Are you checking at property for sale in Malaysia as you plan to buy a property on your own? With so many properties for sale, such as landed properties, condominiums, duplex condo, apartment, and so on. Buying your first own property to be called home is another milestone achieved in your life. Whether it is for investment purpose or own stay, most people are still confused with the procedure of buying new house in Malaysia. Buying your own property may seem easy but when it comes to going through the procedures of buying a home, you then realize that you have missed out on many steps and wished you know the steps earlier so you could avoid the unnecessary troubles.
In addition, many people still cannot decide which type of property to choose: freehold or leasehold. Real estate agents often get asked the question of which types of property is better.
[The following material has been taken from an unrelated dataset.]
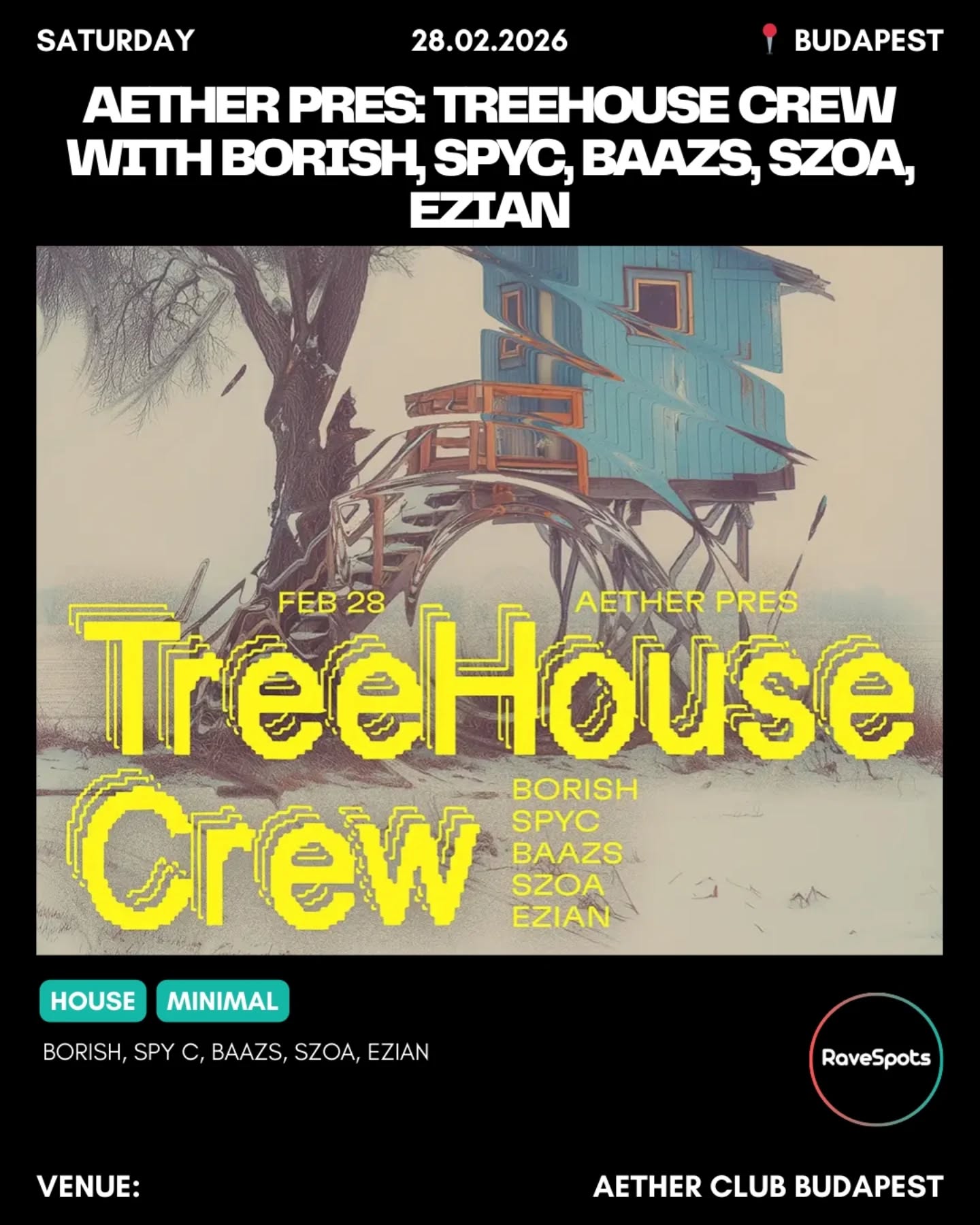 AETHER PRES: TreeHouse Crew with Borish, SpyC, Baazs, SzoA, Ezian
This article will guide you through the differences between a freehold property and a leasehold property.
A freehold property is having the outright ownership of the property and land on which it stands. That also means the owner of the land has no time limit to the ownership period. Most developers build bungalows, condominiums and private housing on a freehold land.
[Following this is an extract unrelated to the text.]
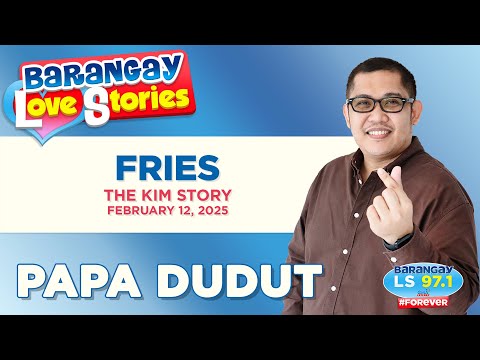 FRIES - KIM | Papa Dudut | Barangay Love Stories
Developer or owner of land will have to go through the transfer of land to potential buyer if the property is in the form of landed residential such as terrace house or bungalow. This type of ownership will then be in a Master Title form.
As for high rise residential properties or condominium, the buyer will then have a stake of the condominium, however, the land still belongs to the developer where the distribution of ownership will be done through Strata Title.
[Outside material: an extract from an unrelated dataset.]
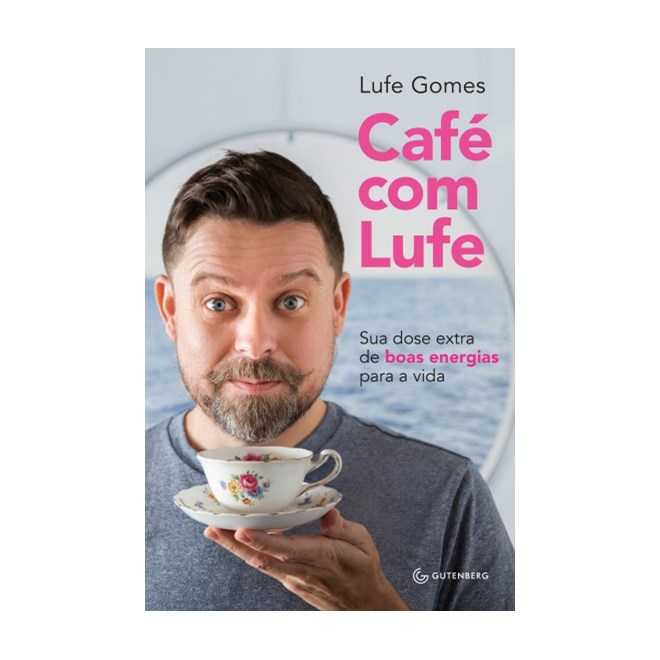 Livro - Cafe com Lufe: Sua Dose Extra de Boas Energias para a Vida - Gomes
Having a freehold land comes with its benefits as well. First of all, the owners are able to transfer the land to interested buyer with lesser limitations. In addition, they are also allowed to subdivide the land and allocate their land according to their wills, however, subject to the town planning controls.
Typically, a freehold property will have a stable growth if the property is taken good care of and is in good condition. There might also be a chance of redevelopment for the old freehold properties. In this case, the owners will then be compensated.
However, the state is able to take back the freehold land it for public purposes, such as the MRT project or any economic development under the proposed Land Acquisition Act 1960. Under such circumstance, the owner of the freehold land will then be paid the for the property at a market value. Moreover, if there is none development process in the freehold land, the state is not allowed to claim the freehold land. That being said, there is no specific timetable that you need to adhere to.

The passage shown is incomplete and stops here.